Block external connections

[Talmid_L]

Hello,

I am facing the issue that from time to time some devices get compromised by some virus infected Windows computer on the network and it's making fake calls. I managed to put all phones on VPN, but somehow it still happened. I am not sure how it happened. So my conclusion is that I would only allow connections coming in from the VPN network and block external connections. I want to disable the external sip-profile and leave the vpn-profile active. I am also considering to block the incoming port on the public IP.
Would this affect connections with providers? (gateways) Did anyone do this before?

 

[Herbert Whistlefjord]

Trunks and users use different ports [5060 vs 5080] so you can use that in your firewall rules to distinguish them.
But that's not going to help you if the devices with the SIP user credentials on are compromised [I think that's what you're saying].

 

[Talmid_L]

I am not totally sure that the device is compromised, unless it can be done with some packet sniffing.

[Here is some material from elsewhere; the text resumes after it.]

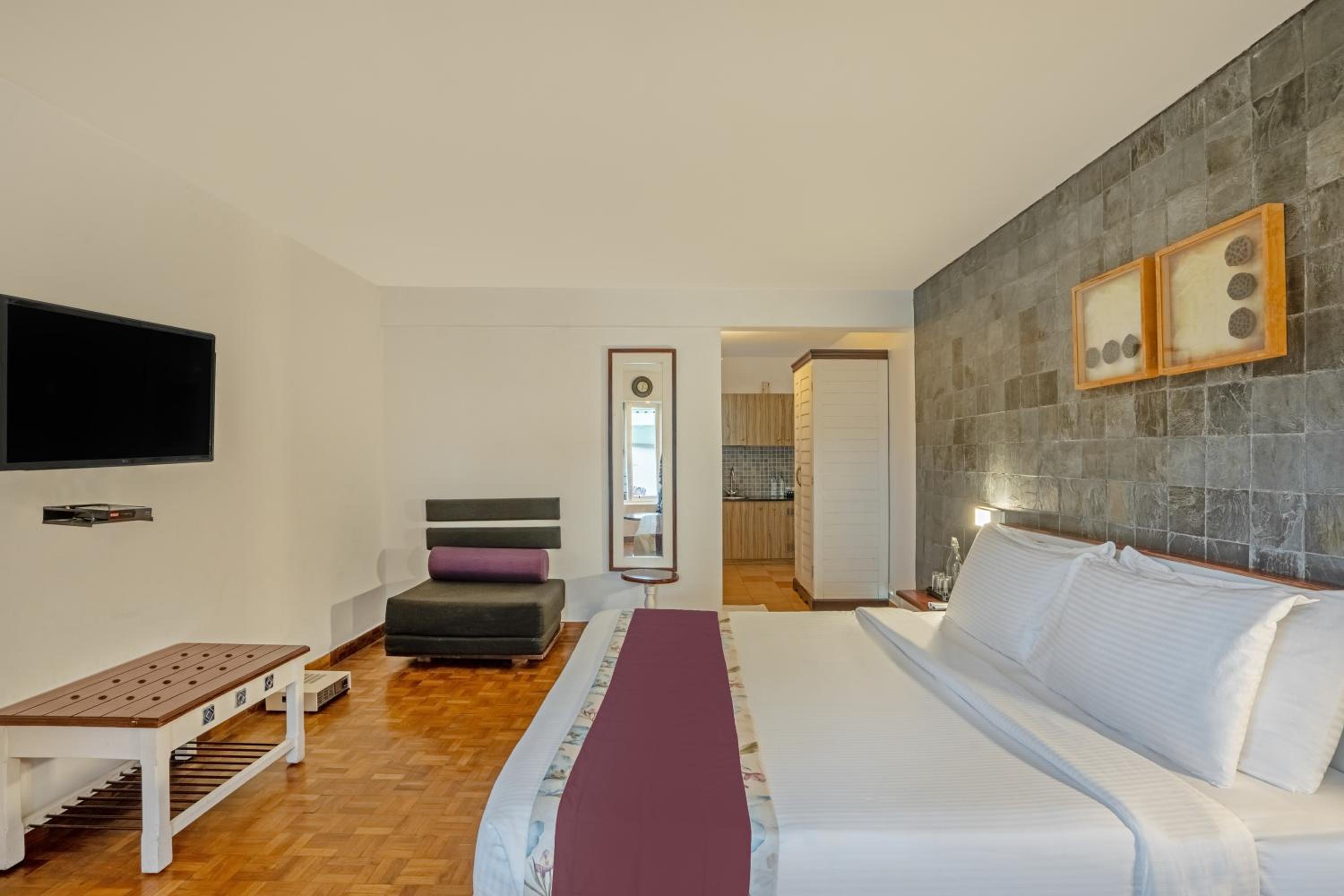 Premier Room - Photo 1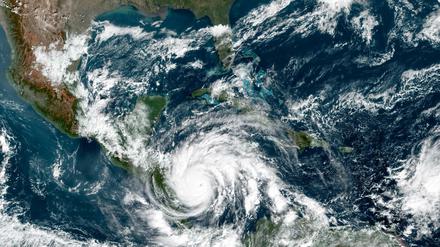 Iota ist das 13. Sturmtief, das in diesem Jahr Hurrikanstärke erreichte. In Durchschnittsjahren bilden sich sechs Hurrikane.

Previously what happened, that the security was disabled on the provisioning profiles, so this way was easy to get any credentials. Now that is secured with username and password. The phone itself has VPN, so I really don't know how the credentials leaked.

When the breach happened it was a FPBX registered with the same extension as a Yealink phone. It was registered from an external IP address.

So this is why I would like to block all incoming connections on the public IP and allow only VPN. I don't know how this affects connections to the providers.